*** Information provided

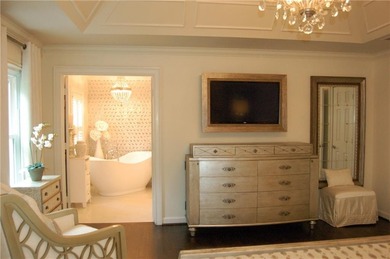 SHOWSTOPPER IN JOHN'S CREEK! Your search is over! Introducing a on Rivermont Golf and Country Club in Georgia - for sale on GolfHomes.com, golf home, golf lot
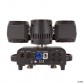 POWER LIGHTING 4LYRE BEAM 50 RING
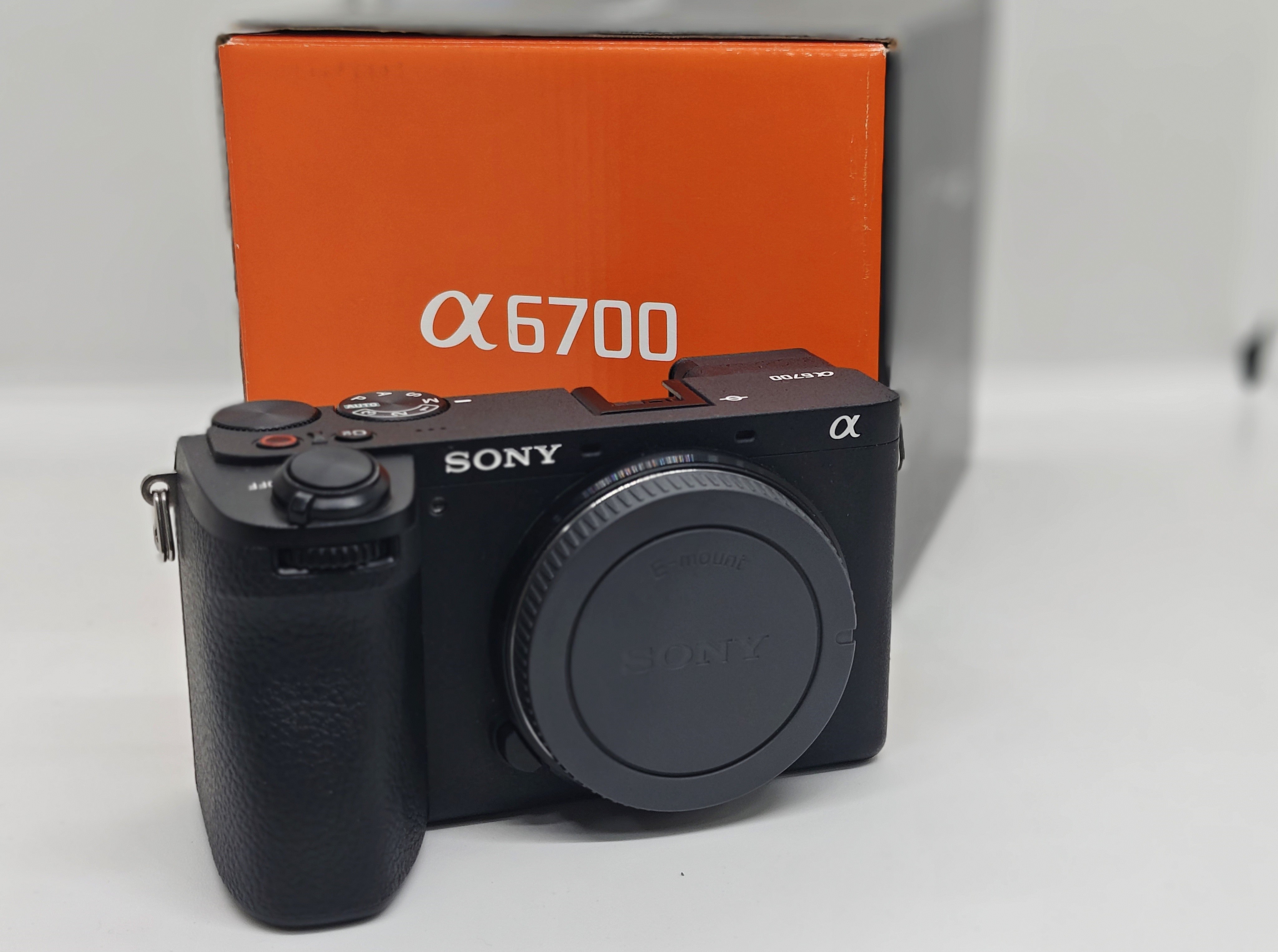 Sony a6700 Mirrorless Camera (used)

******

- Task description
Return the full listing exactly as it appears above, without its pictures.

- Result
 SHOWSTOPPER IN JOHN'S CREEK! Your search is over! Introducing a on Rivermont Golf and Country Club in Georgia - for sale on GolfHomes.com, golf home, golf lot
 POWER LIGHTING 4LYRE BEAM 50 RING
 Sony a6700 Mirrorless Camera (used)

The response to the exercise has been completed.